▶ [Work instruction] Set down again exactly the lines of the listing below that fall between the line holding "The cozy family" and the line holding "Salted herring with", inclusive.
--------------------
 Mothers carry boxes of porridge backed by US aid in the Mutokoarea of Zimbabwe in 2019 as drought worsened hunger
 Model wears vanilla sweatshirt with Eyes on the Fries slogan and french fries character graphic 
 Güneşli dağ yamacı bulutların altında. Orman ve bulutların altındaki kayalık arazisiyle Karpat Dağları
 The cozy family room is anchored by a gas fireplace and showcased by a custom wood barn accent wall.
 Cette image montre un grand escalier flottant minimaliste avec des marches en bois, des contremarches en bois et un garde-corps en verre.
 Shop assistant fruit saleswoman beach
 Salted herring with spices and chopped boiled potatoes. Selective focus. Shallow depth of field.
--------------------
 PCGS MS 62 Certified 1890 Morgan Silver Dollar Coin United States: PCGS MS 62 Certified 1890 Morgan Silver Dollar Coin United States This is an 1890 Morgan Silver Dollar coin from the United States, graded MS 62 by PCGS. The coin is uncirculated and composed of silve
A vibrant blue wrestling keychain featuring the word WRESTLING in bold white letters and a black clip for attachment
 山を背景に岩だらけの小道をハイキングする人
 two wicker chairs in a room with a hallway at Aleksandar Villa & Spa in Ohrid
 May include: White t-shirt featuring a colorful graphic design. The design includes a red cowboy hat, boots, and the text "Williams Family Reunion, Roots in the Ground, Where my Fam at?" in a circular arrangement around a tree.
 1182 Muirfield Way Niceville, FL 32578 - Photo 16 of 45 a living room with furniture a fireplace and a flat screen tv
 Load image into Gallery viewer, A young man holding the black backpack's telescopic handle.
--------------------
▶ [Your solution]
 The cozy family room is anchored by a gas fireplace and showcased by a custom wood barn accent wall.
 Cette image montre un grand escalier flottant minimaliste avec des marches en bois, des contremarches en bois et un garde-corps en verre.
 Shop assistant fruit saleswoman beach
 Salted herring with spices and chopped boiled potatoes. Selective focus. Shallow depth of field.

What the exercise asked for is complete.